Features picture: Volkswagen Passat Variant syncro. Source: Volkswagen Media Services.

The German federal administrative court today ruled that municipalities in Germany may impose bans on diesel-powered cars to combat polluted air.

City bans on diesel-engine cars – is this a public sector innovation?

In a public management context an innovation is a novel and useful idea. The novel and useful idea has to be new to the organization adopting it. People outside the organization may consider the novel idea as an imitation in case they implemented the same idea long ago. True – innovation at times is synonymous with imitation. Anyways, as long as the idea has the potential to serve community well, innovative behavior is a good thing.

The idea of banning dirty cars from entering city centers is not novel to Germany. Imposing city bans on dirty cars is a practice that has been in operation since 2007. Since then local governments are allowed to establish so called “low emission zones”, in which heavy polluters are not allowed to enter.

Though not a novel idea can bans might be useful, nonetheless. It is questionable whether banning particular groups of cars from entering cities is a useful attempt to improve air-quality for community members.

Dirty air that badly damages the health is one of the most pressing problems induced by ever increasing individual motor car traffic. But it is not only problem. It is just one of the multiple problems that can be measured more easily than others. I consider individual combustion engine based car traffic simply being an outdated technology in modern and sustainable smart cities.

Modern public managers and elected decision makers will need to shift their attention of attempts of protecting an over-subsidized car industry to developing comprehensive and integrated public transportation systems.

Just two examples for such comprehensive and integrated public transportation systems:

The first one is Paris’ RER system which was set up in the 1970ies.

The second example can be found in contemporary Moscow.

In 2017 Moscow opened its new Central Circle (MCC), a railway transportation system encircling Moscow’s outer center. MCC is one element in the capital’s comprehensive transportation system, alongside the Second metro circle line (currently under construction), and the Diameter project, MCD.

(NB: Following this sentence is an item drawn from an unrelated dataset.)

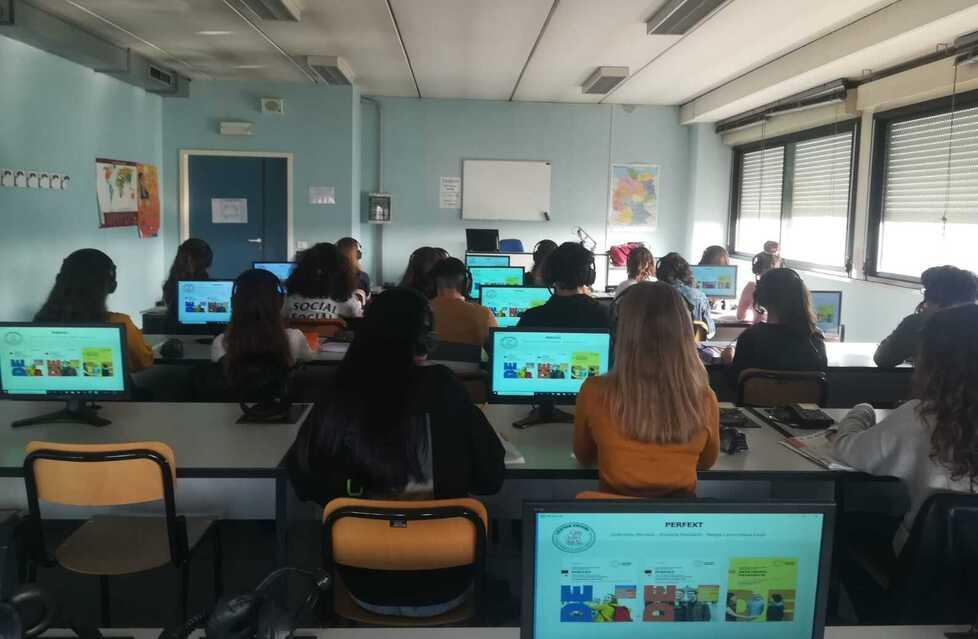 Scuola, allarme per i bidelli in provincia di Pistoia. A rischio sicurezza e pulizia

In November 2017 Vladimir Putin approved plans announced by Moscow’s mayor, Sergei Sobyanin, for a new railway transportation network labeled MCD. MCD is planned to established five new routes from outer suburbs to Moscow; the lines will also link to the existing underground rapid system, the Metro, and Moscow Central Circle (MCC). The MCD project is another feature in Moscow’s attempt to create a modern comprehensive transportation system.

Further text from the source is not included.